What you should do: Reproduce each entry exactly, so that everything except the pictures is carried over.

*** Opening Data records ***

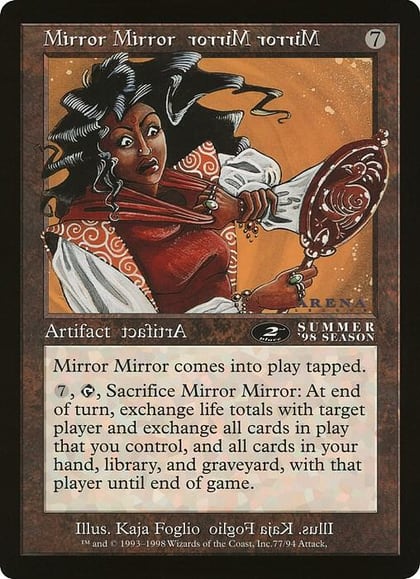 Mirror Mirror (2nd Place) (Arena League), Oversize Cards 77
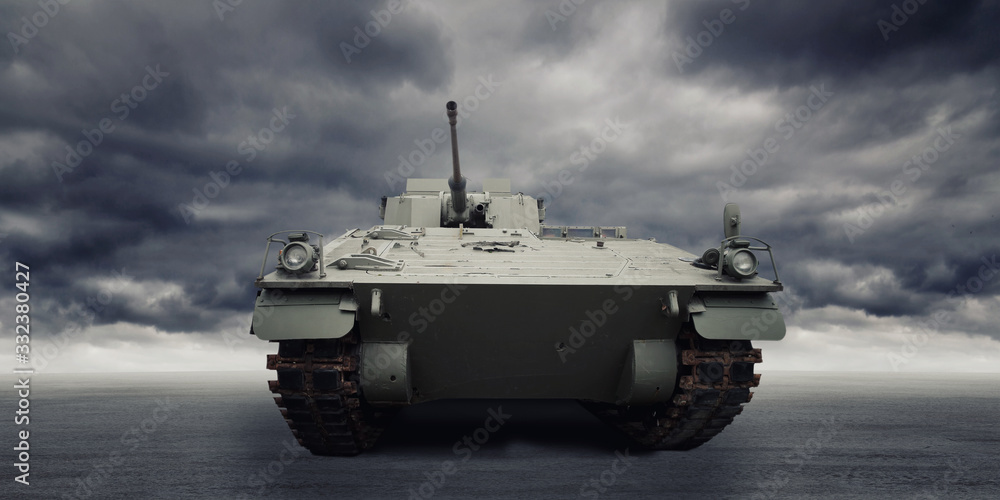 Fototapeta premium Old military tank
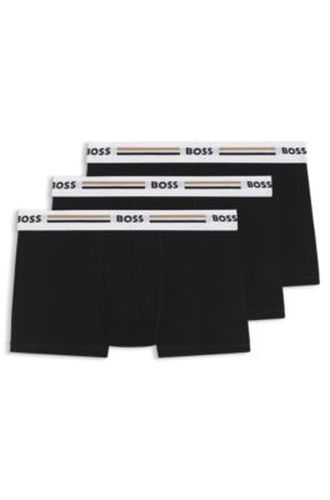 Lot de trois boxers courts avec logo et rayures à la taille - Boss - Modalova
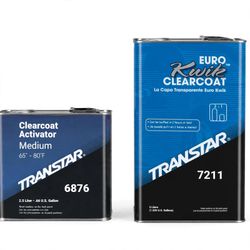 Transtar Euro Kwik Urethane Clear Coat 7211 & 6856 Medium Activator Kit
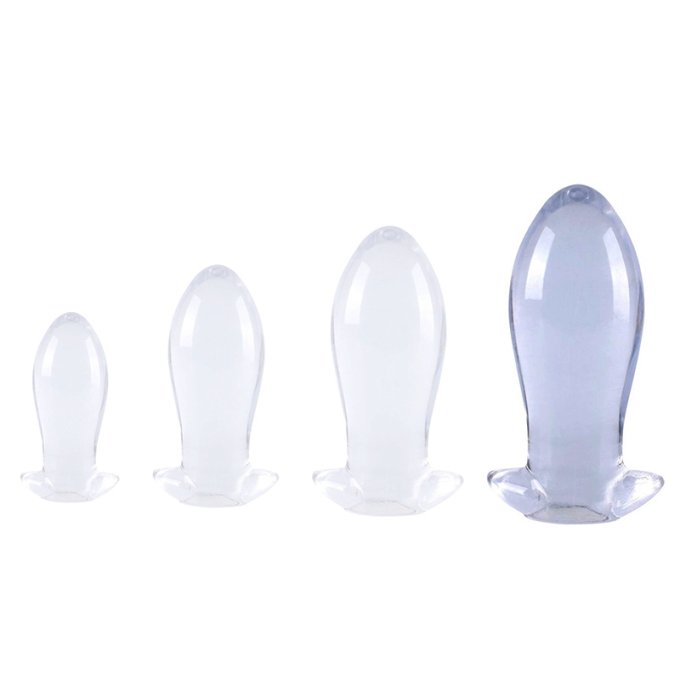 Plug Egg Clear XL 16 x 7cm Transparent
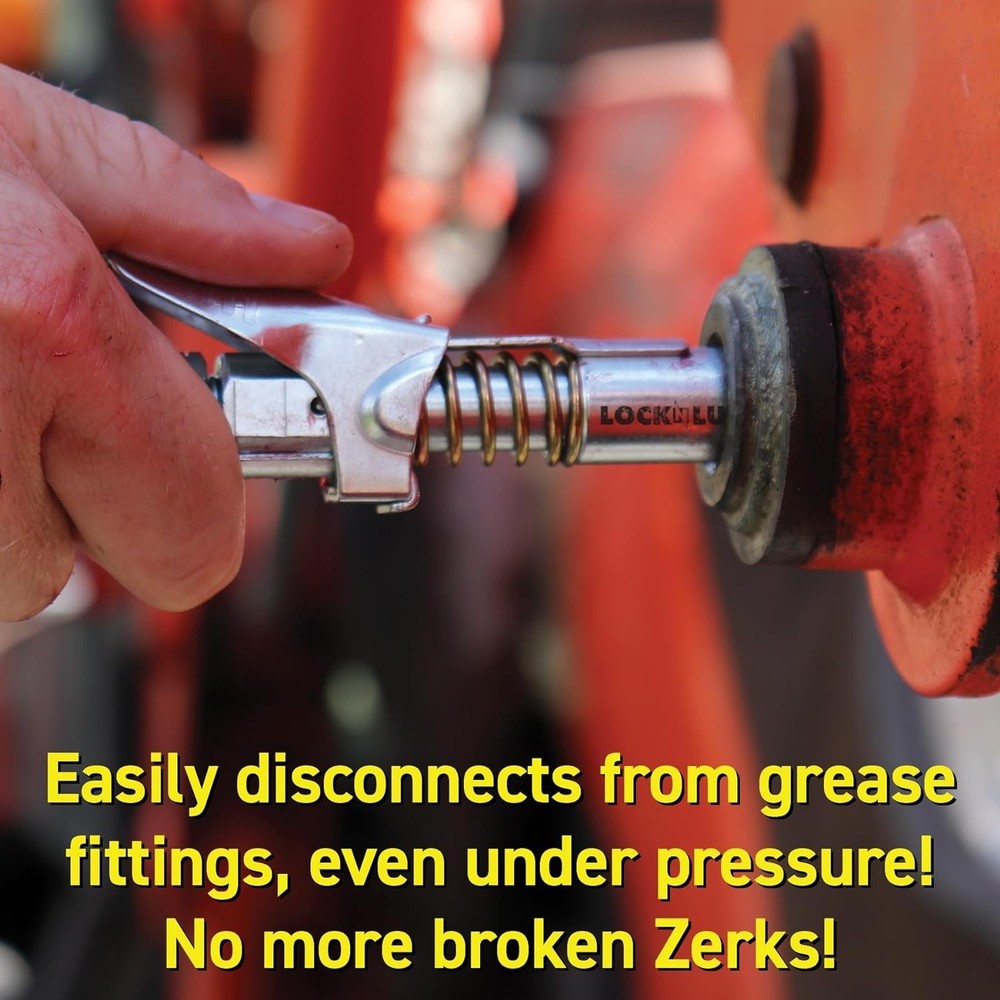 Ultimate Locking Grease Coupler with Spare Kit - 10,000 PSI Compatibility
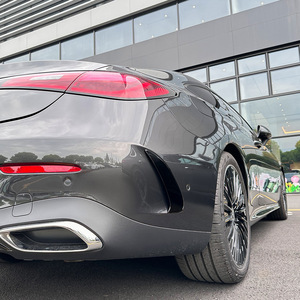 Mercedes-Benz CLE Coupe Rear Bumper Spoiler Carbon Fiber Texture ABS Adhesive Fitment 2024+ AMG Ducktail Exterior Modification - Product Image 3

*** Closing Data records ***

Your response:
 Mirror Mirror (2nd Place) (Arena League), Oversize Cards 77
 Fototapeta premium Old military tank
 Lot de trois boxers courts avec logo et rayures à la taille - Boss - Modalova
 Transtar Euro Kwik Urethane Clear Coat 7211 & 6856 Medium Activator Kit
 Plug Egg Clear XL 16 x 7cm Transparent
 Ultimate Locking Grease Coupler with Spare Kit - 10,000 PSI Compatibility
 Mercedes-Benz CLE Coupe Rear Bumper Spoiler Carbon Fiber Texture ABS Adhesive Fitment 2024+ AMG Ducktail Exterior Modification - Product Image 3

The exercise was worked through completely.